An exact copy is required of every line from the one with "What's going on, ManiaFigs?" through the end of the data below, and the pictures must stay out of it.

══════════

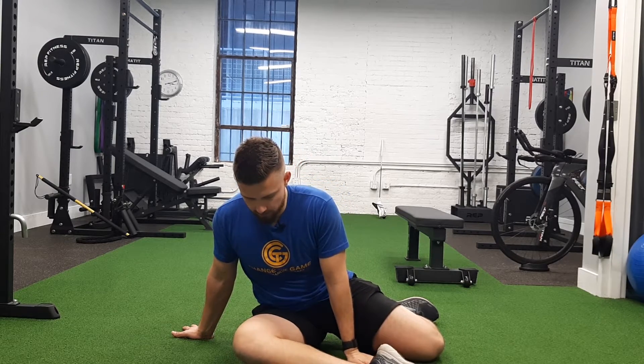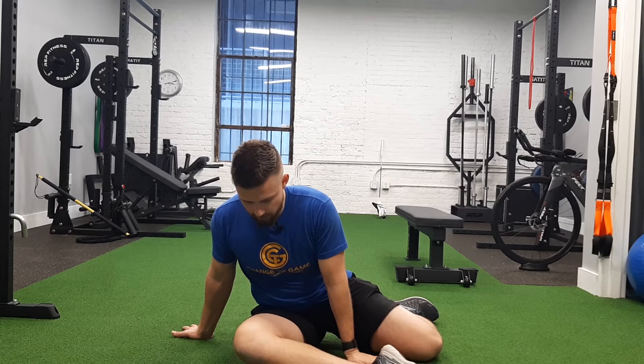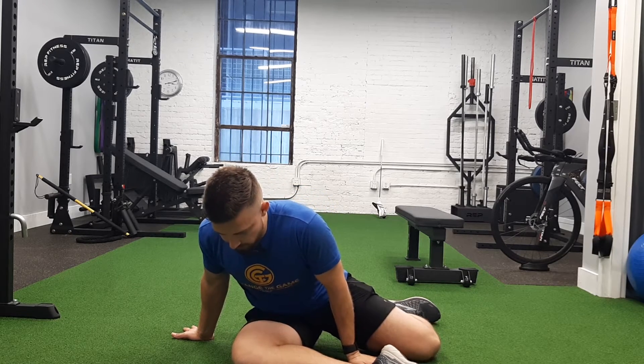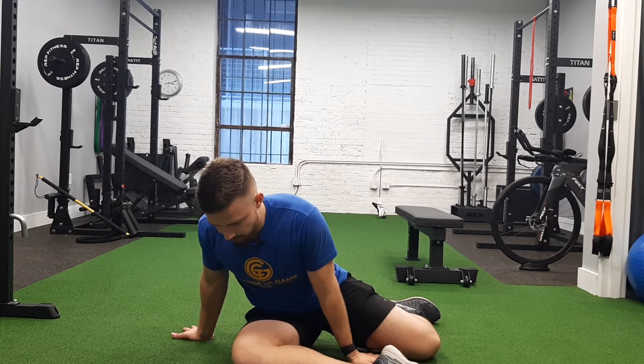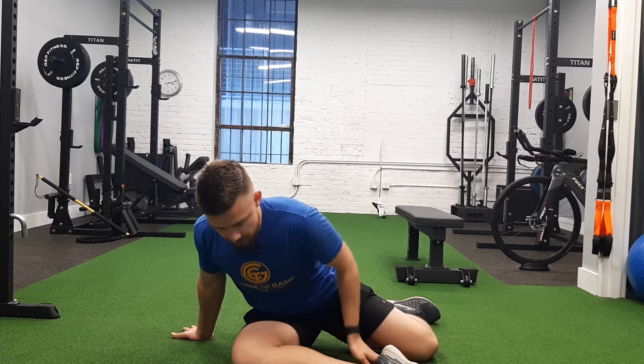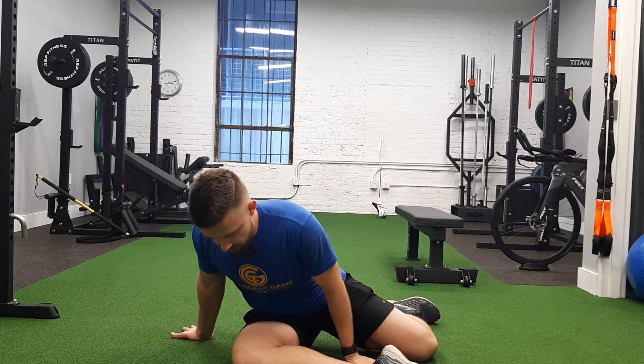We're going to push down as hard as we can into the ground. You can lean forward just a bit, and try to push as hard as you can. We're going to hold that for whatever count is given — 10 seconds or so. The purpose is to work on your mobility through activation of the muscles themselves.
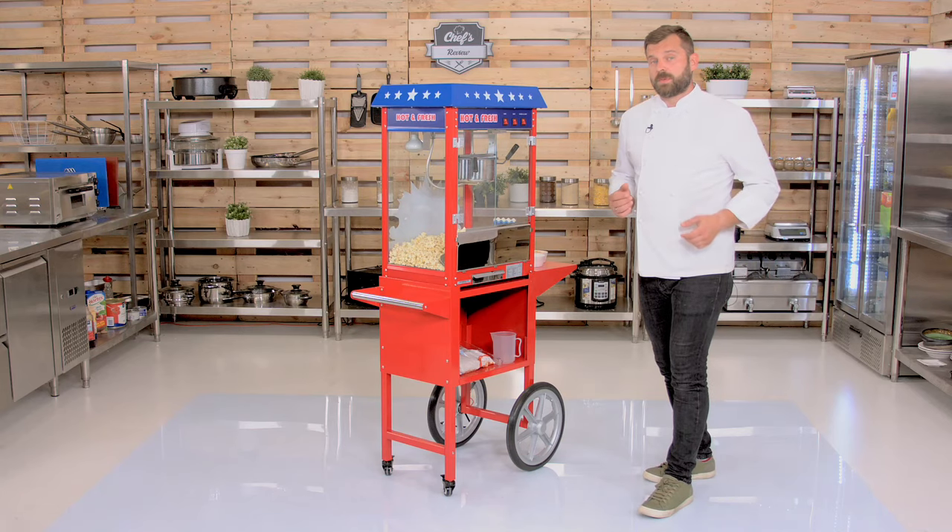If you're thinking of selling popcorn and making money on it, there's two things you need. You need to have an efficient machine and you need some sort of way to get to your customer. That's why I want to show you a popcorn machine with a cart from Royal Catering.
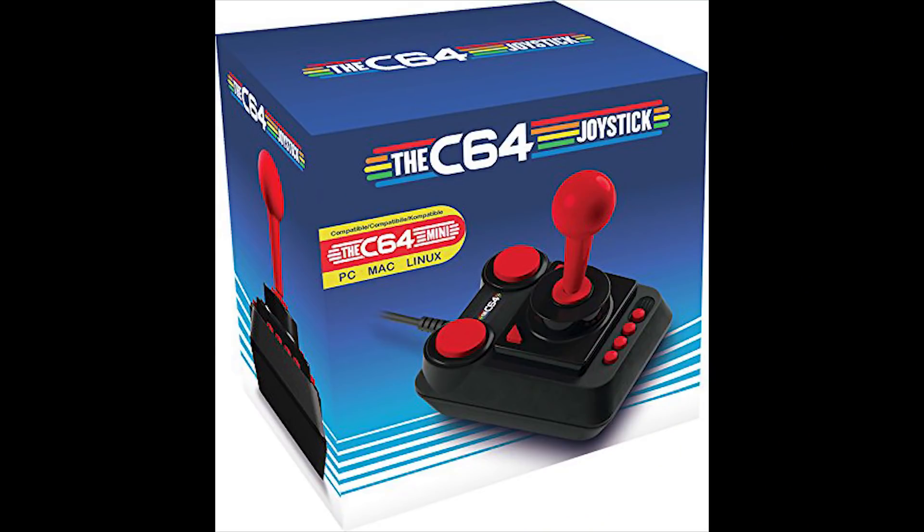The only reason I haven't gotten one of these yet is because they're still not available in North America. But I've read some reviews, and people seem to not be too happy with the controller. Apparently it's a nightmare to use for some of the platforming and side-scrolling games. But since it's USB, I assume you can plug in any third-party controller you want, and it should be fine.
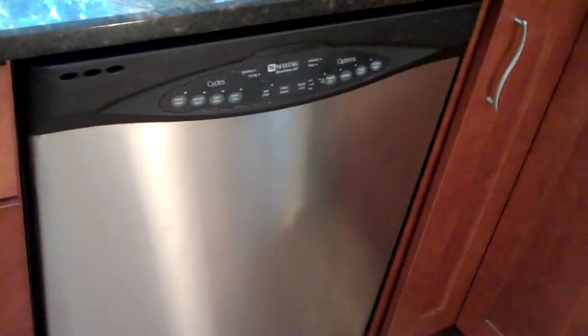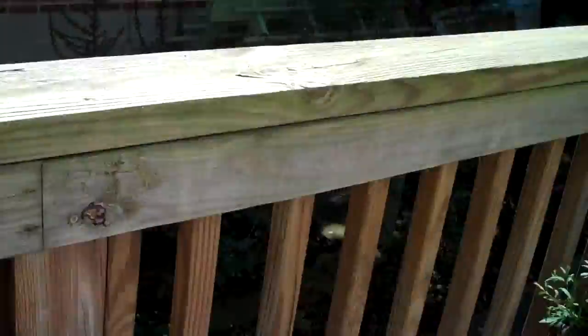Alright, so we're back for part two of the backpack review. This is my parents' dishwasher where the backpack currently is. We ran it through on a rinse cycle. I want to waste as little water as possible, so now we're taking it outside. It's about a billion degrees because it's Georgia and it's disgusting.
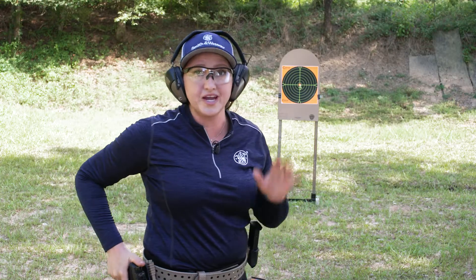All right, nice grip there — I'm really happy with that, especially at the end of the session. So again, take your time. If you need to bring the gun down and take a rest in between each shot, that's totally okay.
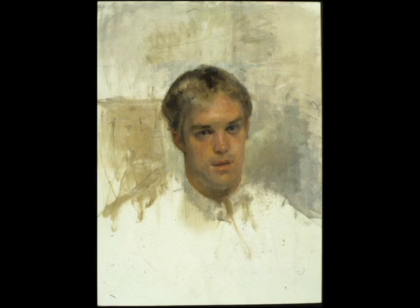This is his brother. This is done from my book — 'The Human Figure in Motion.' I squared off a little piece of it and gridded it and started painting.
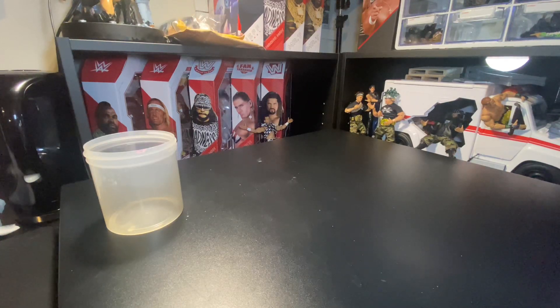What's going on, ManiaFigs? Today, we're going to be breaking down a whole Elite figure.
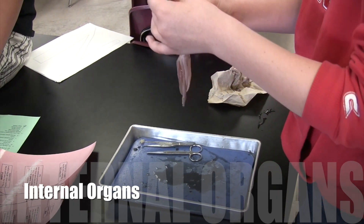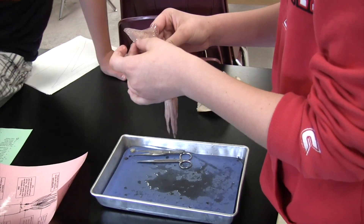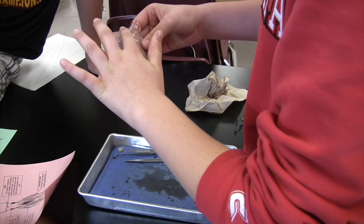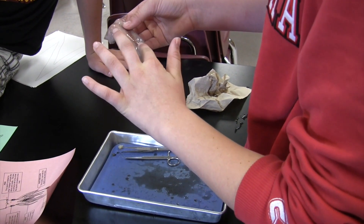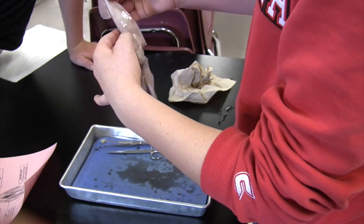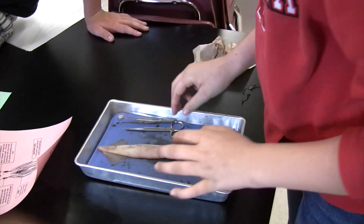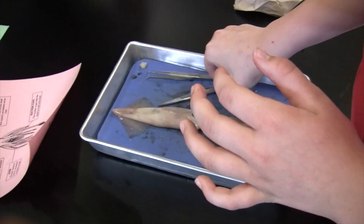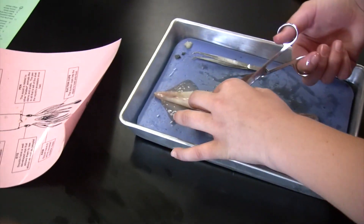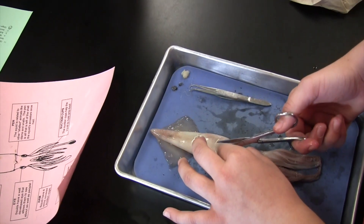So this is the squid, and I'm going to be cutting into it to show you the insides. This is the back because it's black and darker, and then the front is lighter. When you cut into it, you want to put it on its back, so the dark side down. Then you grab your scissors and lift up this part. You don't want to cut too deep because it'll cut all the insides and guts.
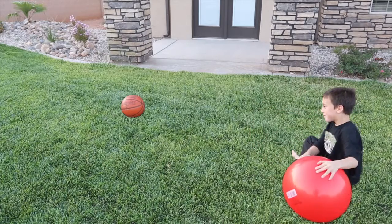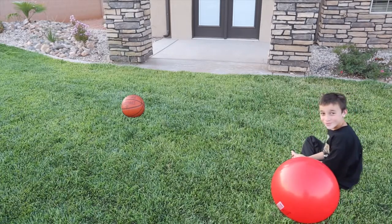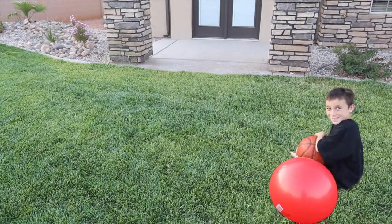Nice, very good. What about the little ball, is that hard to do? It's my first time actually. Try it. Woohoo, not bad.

══════════

## Response for this exercise
What's going on, ManiaFigs? Today, we're going to be breaking down a whole Elite figure.
So this is the squid, and I'm going to be cutting into it to show you the insides. This is the back because it's black and darker, and then the front is lighter. When you cut into it, you want to put it on its back, so the dark side down. Then you grab your scissors and lift up this part. You don't want to cut too deep because it'll cut all the insides and guts.
Nice, very good. What about the little ball, is that hard to do? It's my first time actually. Try it. Woohoo, not bad.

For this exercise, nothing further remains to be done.